■ **What is needed**: No pictures belong in the copy. Set down exactly the lines from the one that contains "skor akhir 3-3" through the end of the data.
[[ Data for review, beginning ]]
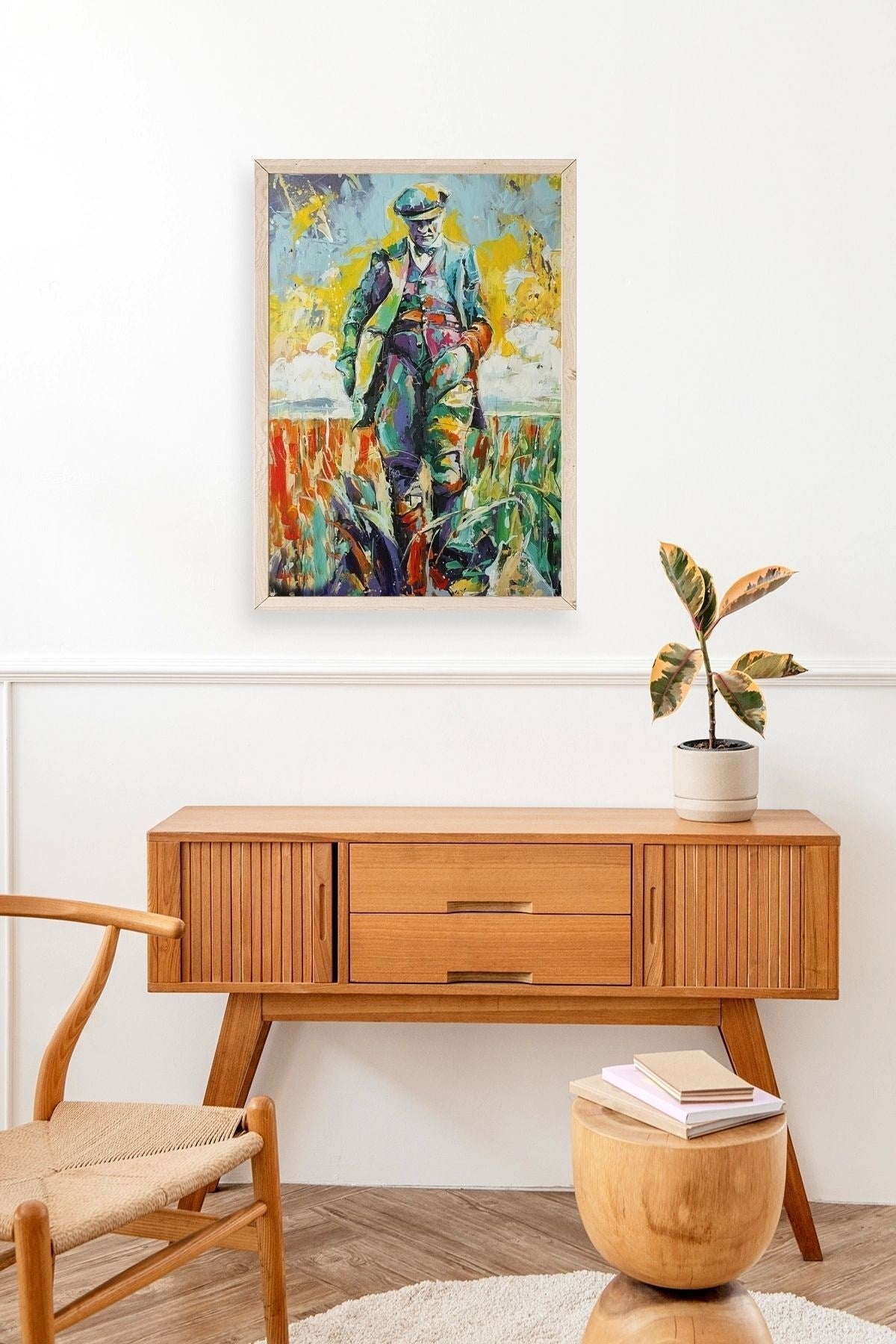 Atatürk Ahşap Çerçeveli Tablo 23 x 30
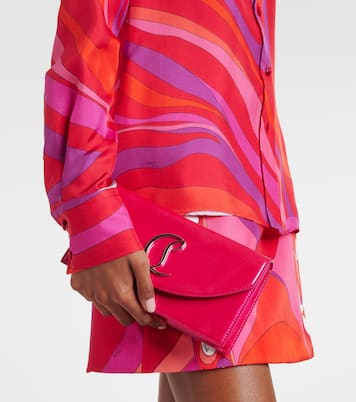 Loubi54 patent leather clutch | Christian Louboutin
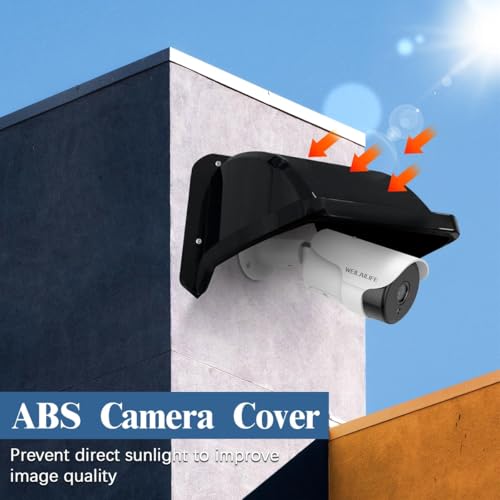 Universal Security Camera Covers Shield Sun Rain Black 1 Pack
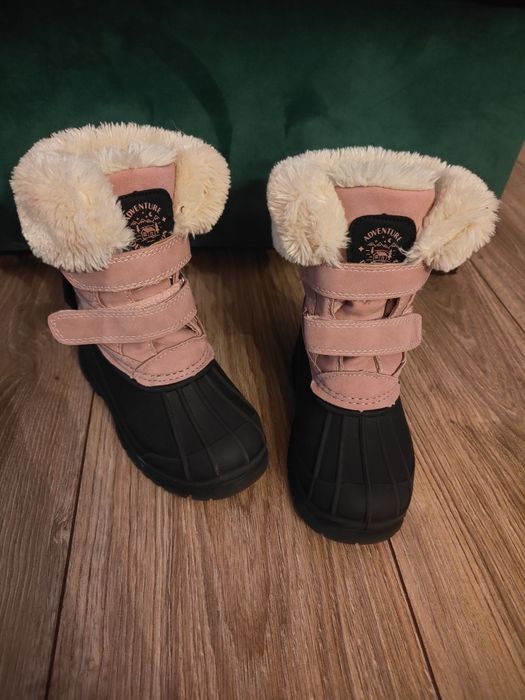 Buty śniegowce dla dziewczynki rozmiar 27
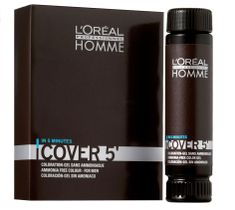 L'Oreal Professionnel Homme Cover 5 Ammonia-Free Hair Colour Gel żel do koloryzacji włosów dla mężczyzn 3 Dark Brown 3x50ml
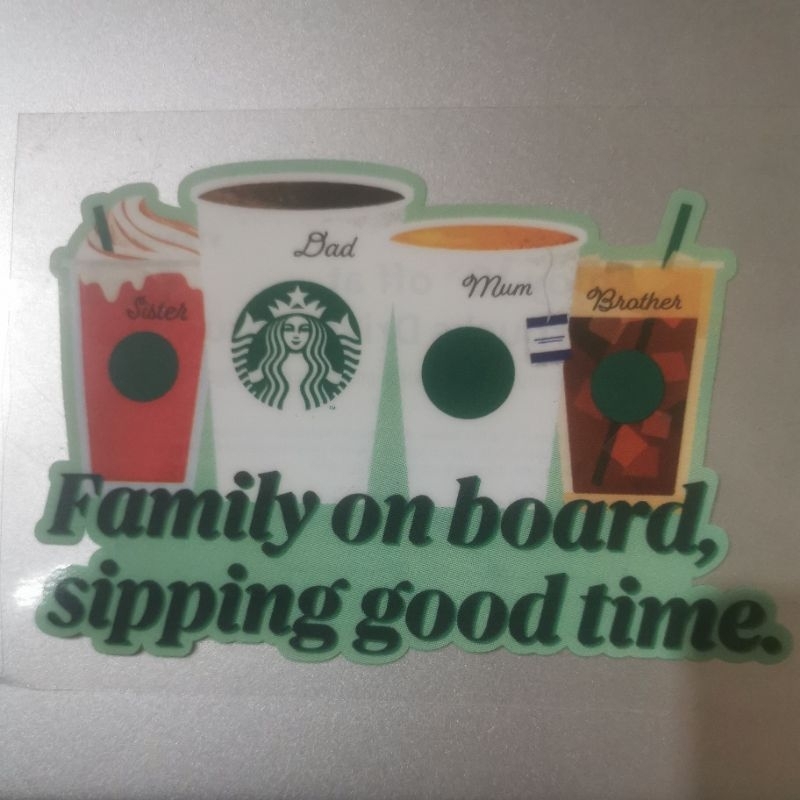 STARBUCKS Malaysia Drive thru sticker 10% discount car road tax sticker collector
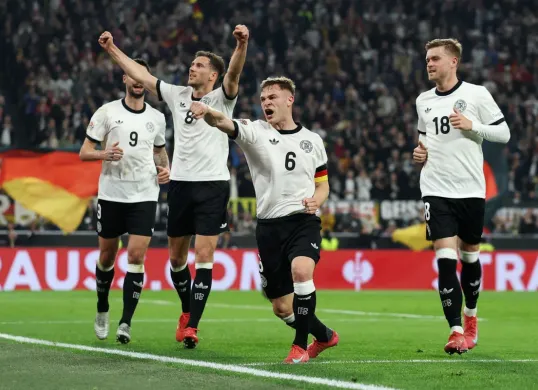 skor akhir 3-3 warnai perempat final UEFA Nations League antara Jerman vs Italia (Sumber: X/ Idextratime)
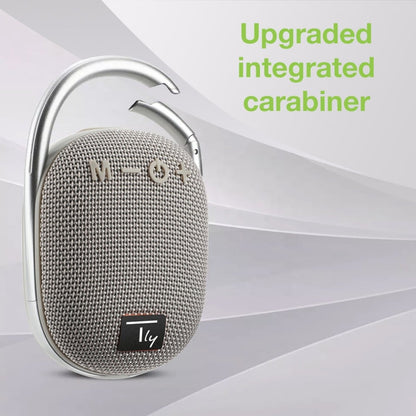 Mini Altoparlante Wireless BT V5.3 Speaker Luce LED Vivavoce TF USB Grigio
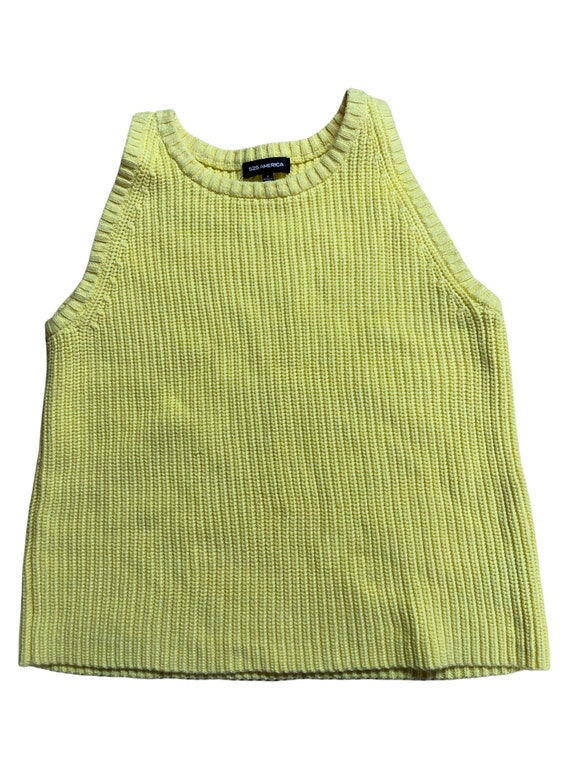 Vintage yellow sweater vest - Gem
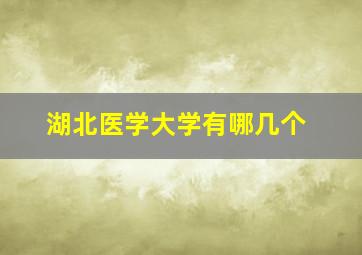 湖北医学大学有哪几个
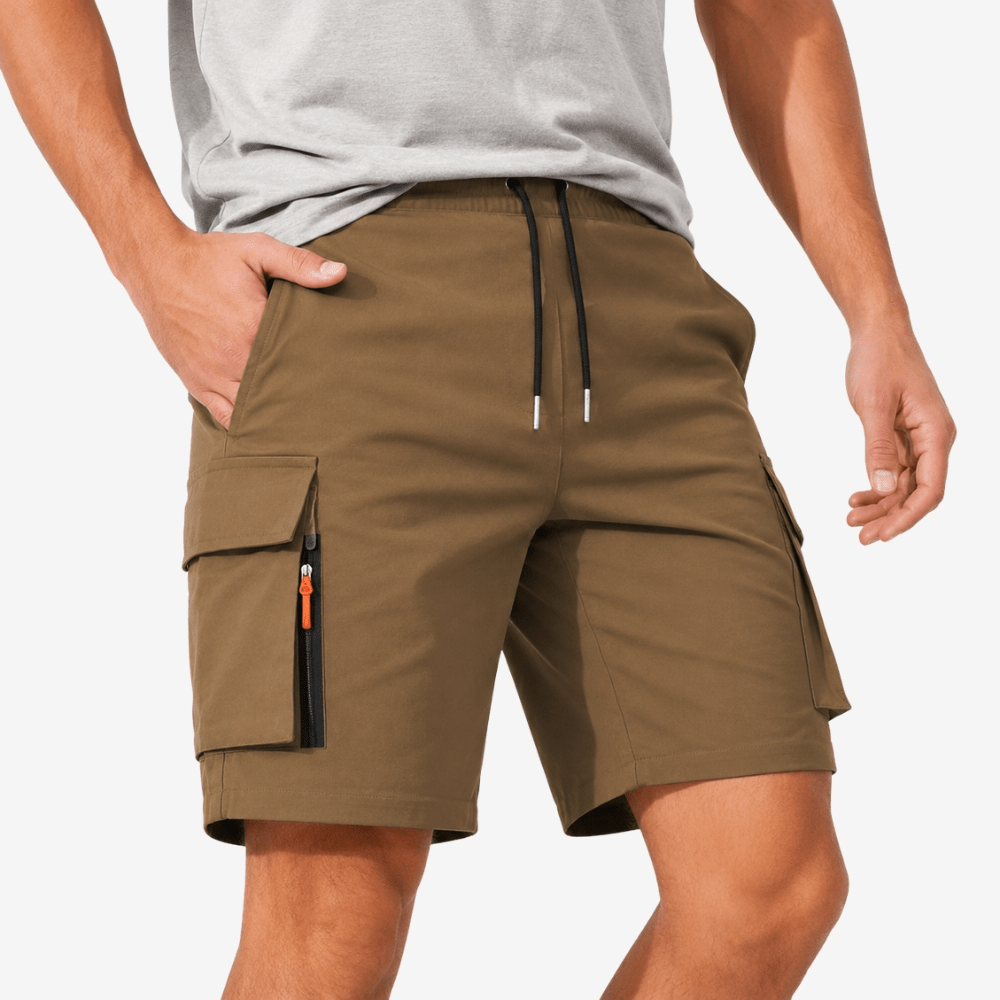 Men’s Lightweight Cargo Shorts with Secure Zip Pockets-Field & Wild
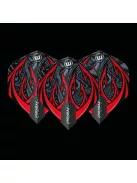 Dart toll Winmau Prism Alpha Grey & Red Flight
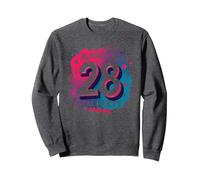 Quasi 30, Regalo per Il 28° Compleanno di Still Flirty Felpa, Unisex per Adulti, Grigio Scuro, L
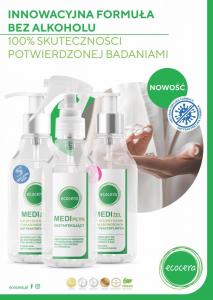 Ecocera  Żel do mycia rąk o właściwościach antybakteryjnych Medi 200ml 2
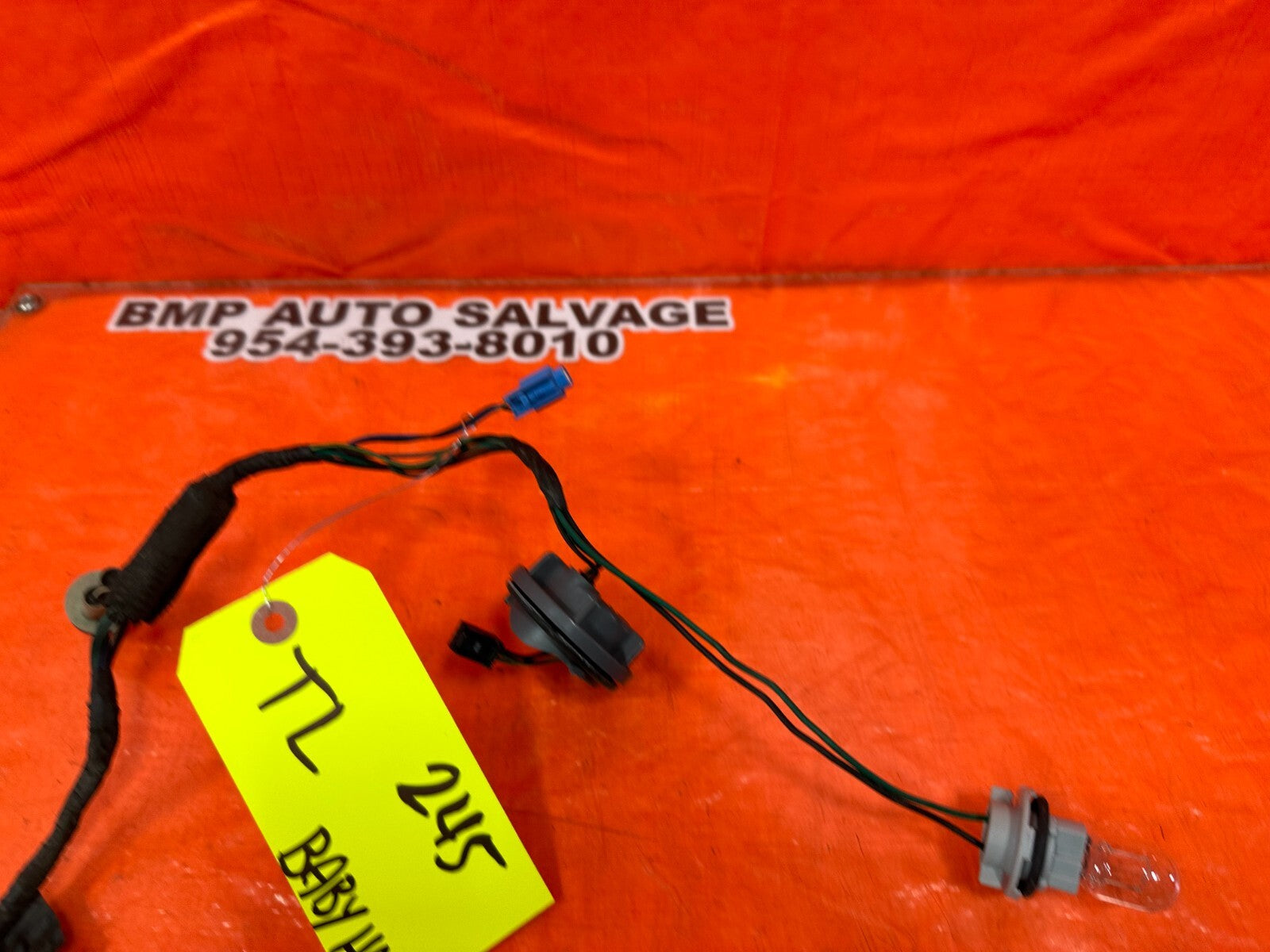 08 15 INFINITI G37 & Q60   2D COUPE   TAIL LIGHT LAMP WIRING HARNESS WIRE LOOM7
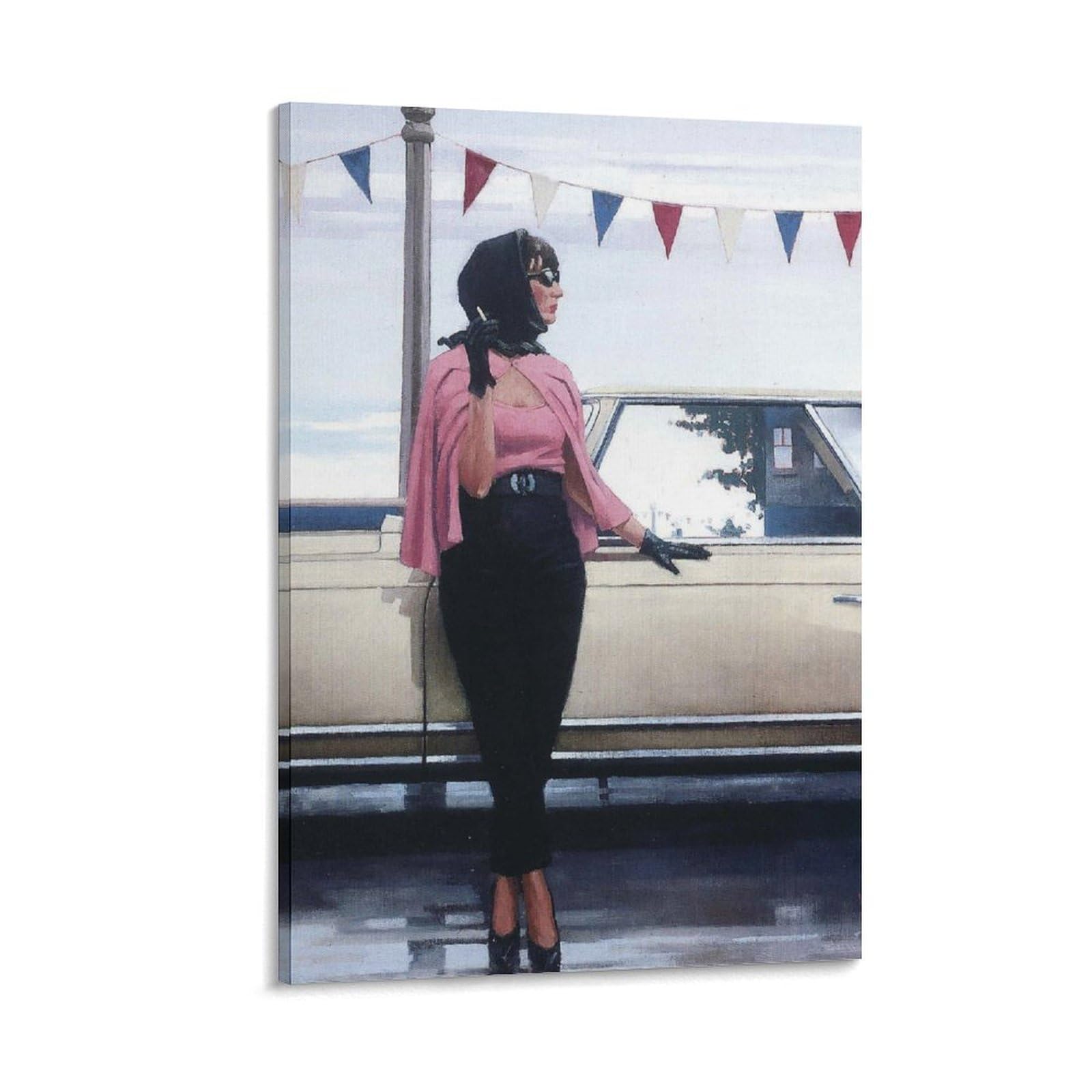 One Fine Summer by jack_vettriano Wall Art Prints Poster (2) Artworks Picture Print Poster Wall Art Painting Canvas Decor Home Posters 20x30inch(50x75cm)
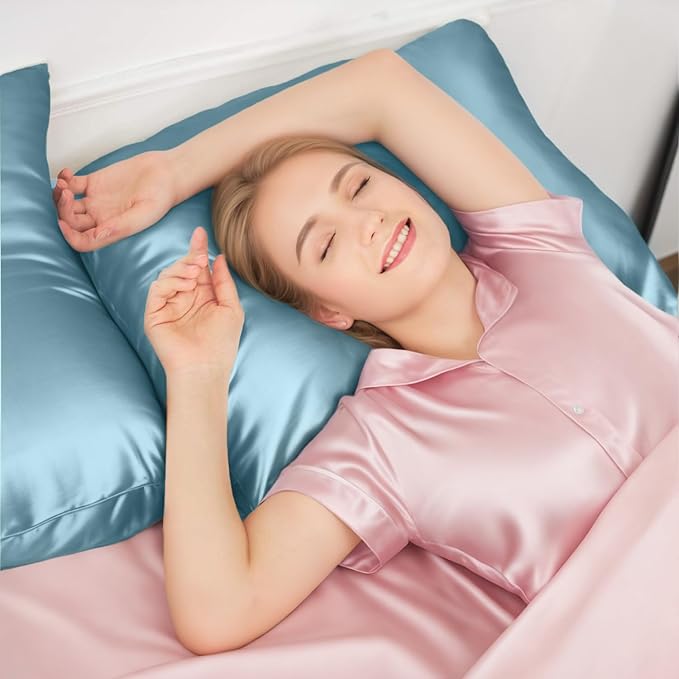 INSSL Silk Pillowcase for Women, Mulberry Silk Pillowcase for Hair and Skin and - Image 2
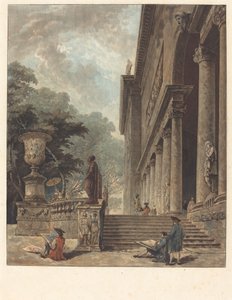 Colonnade et Jardins du Palais de Medici Colonnade and Gardens of the Palazzo Medici, c. 1776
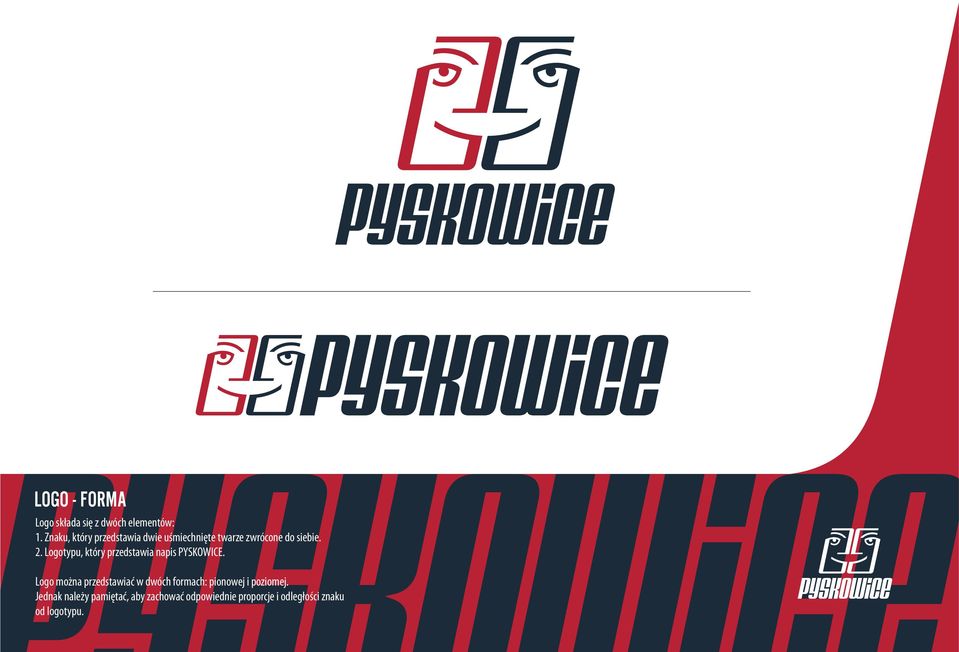 Logotypu, który przedstawia napis PYSKOWICE.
[[ Data for review, end ]]
■ **Task result**:
 skor akhir 3-3 warnai perempat final UEFA Nations League antara Jerman vs Italia (Sumber: X/ Idextratime)
 Mini Altoparlante Wireless BT V5.3 Speaker Luce LED Vivavoce TF USB Grigio
 Vintage yellow sweater vest - Gem
 湖北医学大学有哪几个
 Men’s Lightweight Cargo Shorts with Secure Zip Pockets-Field & Wild
 Dart toll Winmau Prism Alpha Grey & Red Flight
 Quasi 30, Regalo per Il 28° Compleanno di Still Flirty Felpa, Unisex per Adulti, Grigio Scuro, L
 Ecocera  Żel do mycia rąk o właściwościach antybakteryjnych Medi 200ml 2
 08 15 INFINITI G37 & Q60   2D COUPE   TAIL LIGHT LAMP WIRING HARNESS WIRE LOOM7
 One Fine Summer by jack_vettriano Wall Art Prints Poster (2) Artworks Picture Print Poster Wall Art Painting Canvas Decor Home Posters 20x30inch(50x75cm)
 INSSL Silk Pillowcase for Women, Mulberry Silk Pillowcase for Hair and Skin and - Image 2
 Colonnade et Jardins du Palais de Medici Colonnade and Gardens of the Palazzo Medici, c. 1776
 Logotypu, który przedstawia napis PYSKOWICE.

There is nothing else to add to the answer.